Workers looking to join a pension fund must sign up to a contractual one if it exists in their company or their industry and remain there for at least five years. The government has resisted calls to cut the state pension in order to force workers to start complementary provisions, insisting that incentives are enough.
The half yearly report from the Italian pensions regulator, Covip, published at the beginning of September, reported that only 12% of workers who could join a pension fund set up within particular industries have done so while 57% of people qualifying to join a company scheme have joined.
At the end of June, the 37 contractual funds had 1,022,682 members, compared to 36 funds and 1,021,186 members at the end of December 2002. The 93 open pension funds which sell products directly to the public had 350,281 clients at the end of June, 12% more than in December last year. Contractual funds had a total of e3.9bn of assets at the end of June, 41% more than a year earlier, while open pension funds had e1.4bn, 38.7% higher than in June 2002.
Covip's report on the performance of the funds appears to give encouragement to those looking to introduce pensions reforms. One of the proposals is to have workers put severance payment contributions known as ‘trattamento fine rapporto’ (TFR) into the private pension funds.
The value of TFR increases by an obligatory amount each year through a complex calculation which takes into account, among other things, the inflation rate and average earnings rises.

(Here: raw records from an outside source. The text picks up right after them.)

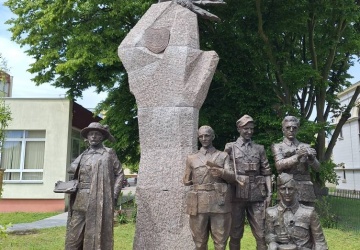 W Braniewie odsłonięto pomnik Kresowych Żołnierzy Niezłomnych Wyklętych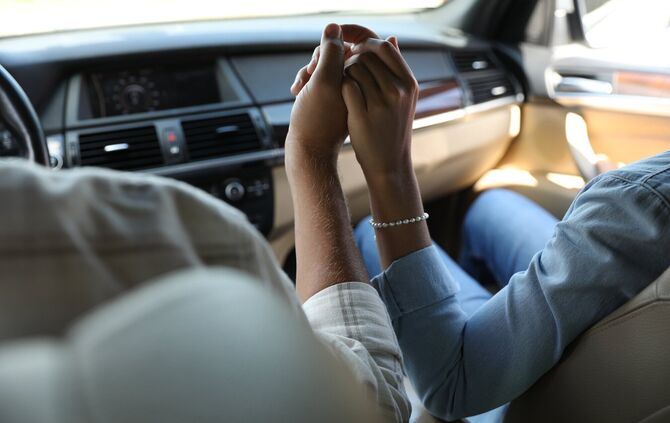 Die Frau sagt vor Gericht, ihr Partner habe sie schon einmal ins Gesicht geschlagen, aber sie seien "glücklich" (Symbolfoto).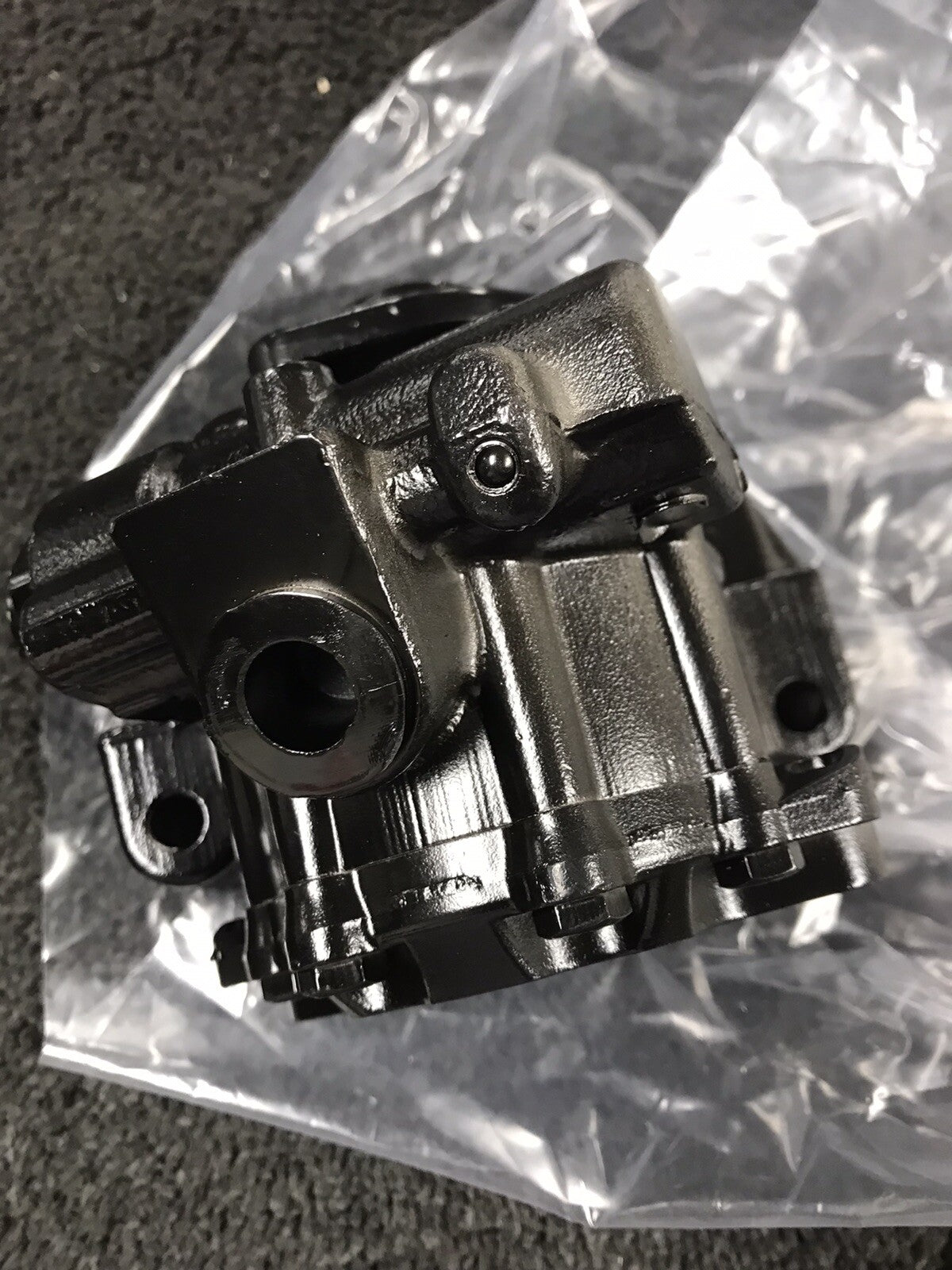 FOR MERCEDES VITO VIANO W639 2.1CDi POWER STEERING PUMP NEW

The lump sum paid out at on retirement or when a worker leaves a company is considered to be a surrogate pension. Consequently, pensions investments tend to be judged against the increasing vale of TFR. For the first time since the private pension funds were launched they have managed to outperform TFR.
In the first six months of the year the value of contractual fund assets rose by an average 2.3% compared to a 1.7% increase in the value of TFR. The pension schemes selling to the public also beat TFR, registering an average 2% increase.
A separate report from the Italian fund management association, Assogesitioni, showed that insurance companies are the most active on the open market. At the end of June they had 158 investment products compared to 92 for fund management companies, 40 for brokerage and securities houses and 11 for banks.
However, it is the fund managers that have the majority of pension assets. These companies had e512m, or 35.9%, of the total compared with e393m (27.5%) for the securities houses, e349m for insurance companies and e173m for banks.
A joint venture between Italy's largest bank, Banca Intesa, and the biggest insurance company, Assicurazioni Generali, has the most pension assets under management on the open market with e393.3m.